I know that’s core to the vision that we have to Tamr is to build that ecosystem of platform and customers, but also other partners in between that are building components and elements and doing integration on top of Tamr as well.

Andy:
Yeah. That’s exactly the way we see our ecosystem. And it’s a part of, I think, why it’s been so great to have you as a part of the team at Tamr from the beginning, because that open, best of breed ecosystem exudes what we try and do with our customers.
And it’s a bit of a contrast, a lot of these traditional enterprises, oftentimes that were used selling their souls to Oracle or IBM or now Palentir and gave up the responsibility of figuring out how to optimize that for themselves.
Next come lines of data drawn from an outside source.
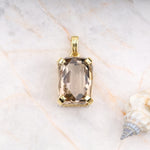 Load image into Gallery viewer, Smoky Quartz Pendant
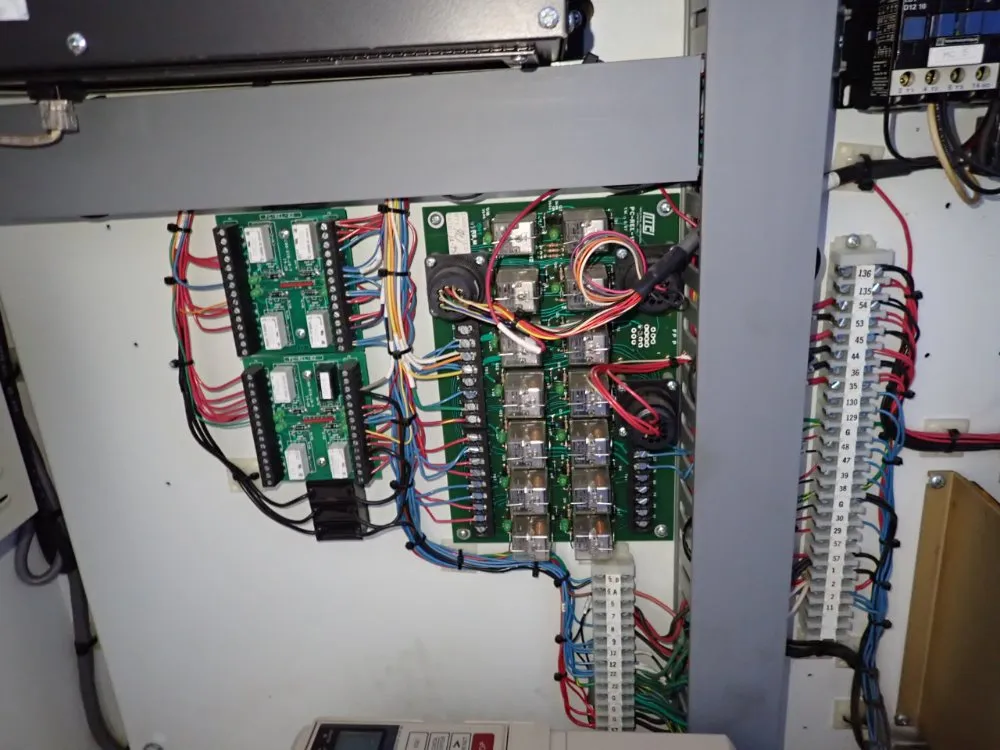 Milltronics 12" X 40" Cnc Vmc - Partner I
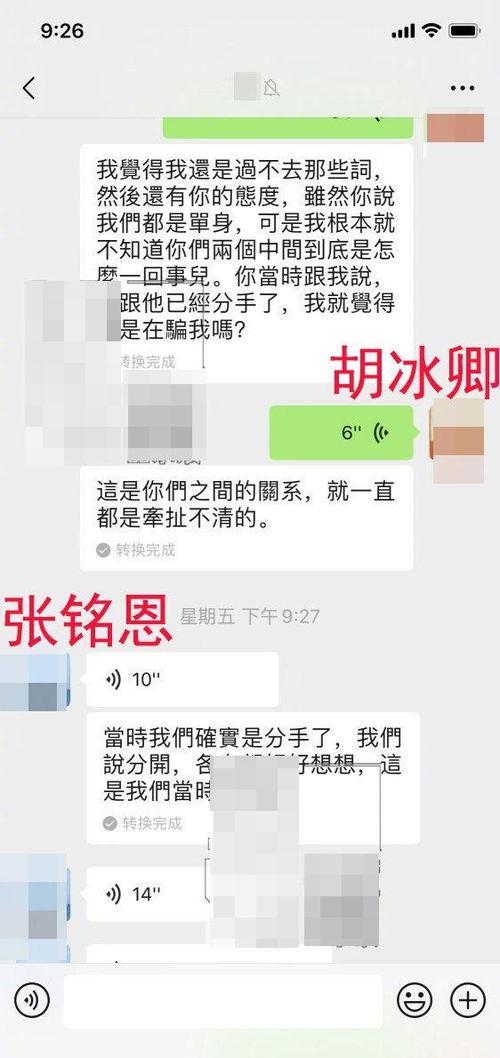 胡冰卿爆料小三视频,真相与争议交织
But building an ecosystem is hard though. It took you guys, decades to do this for Android. We feel like we’re in the very, the first stages of building out a similar ecosystem for data ops. It’s a real challenge, much harder, isn’t it to build an open ecosystem and a best of breed thing?

Rich:
It is. But, the benefit that we had at Android was it was a conscious decision from day one that that’s how we were going to build the platform and do it with those partnerships. And we started the open handset alliance and we’re doing that. And it’s in the DNA of Tamr from day one as well. Where it’s hard is when it’s sort of artificial, it’s forced because of customers demanding it or it’s like, “Oh, wait, our competitor announced this. We should do that too.” And it doesn’t come naturally. I think it’s a lot… I don’t want to make it sound like it’s not work, but it’s a lot easier when it’s intentional and when it’s intentional from day one.

Andy:
Yeah. That’s awesome. I know it’s hard for you to talk about the stuff you’re currently doing. I understand you kind of moved, shifted your focus from GV over to another project at Google. Can you tell us anything about that project and what you’re doing?

Rich:
Yeah, not so much. It does combine a lot of the things that I’ve worked on in the past, but focused on… I’m focused on mostly on education, but also on disrupting how people interact with machines. And I think one of the struggles with ed-tech is that it’s really hard to adopt the technology.
Google with its Google Classroom product has been really good at figuring out how to build something that’s easily integrated into the teacher’s workflow. And, similarly, I just look at how you can integrate into the student’s workflow and really provide them assistance at any moment that they need it. But I can’t say too much more than that.

Andy:
Well, thanks for sharing. I know for me: a lot of people talk about the potential danger of devices for kids. And it gives me hope that you’re working away on empowering our kids with devices in all these great ways. And that there’s lots of good that can be done with these devices, put in the hands of our children. And I’m sure as you did with Wildfire and Android and so many great companies, including Tamr, if you touch it, I’m sure it’s going to benefit society. Thank you, Rich, and thanks for taking the time today. Really appreciate you spending time with us and appreciate your thoughts and help with Tamr.

Rich:
I love working with you guys, Andy, and thanks for the chat. I enjoyed it quite a bit.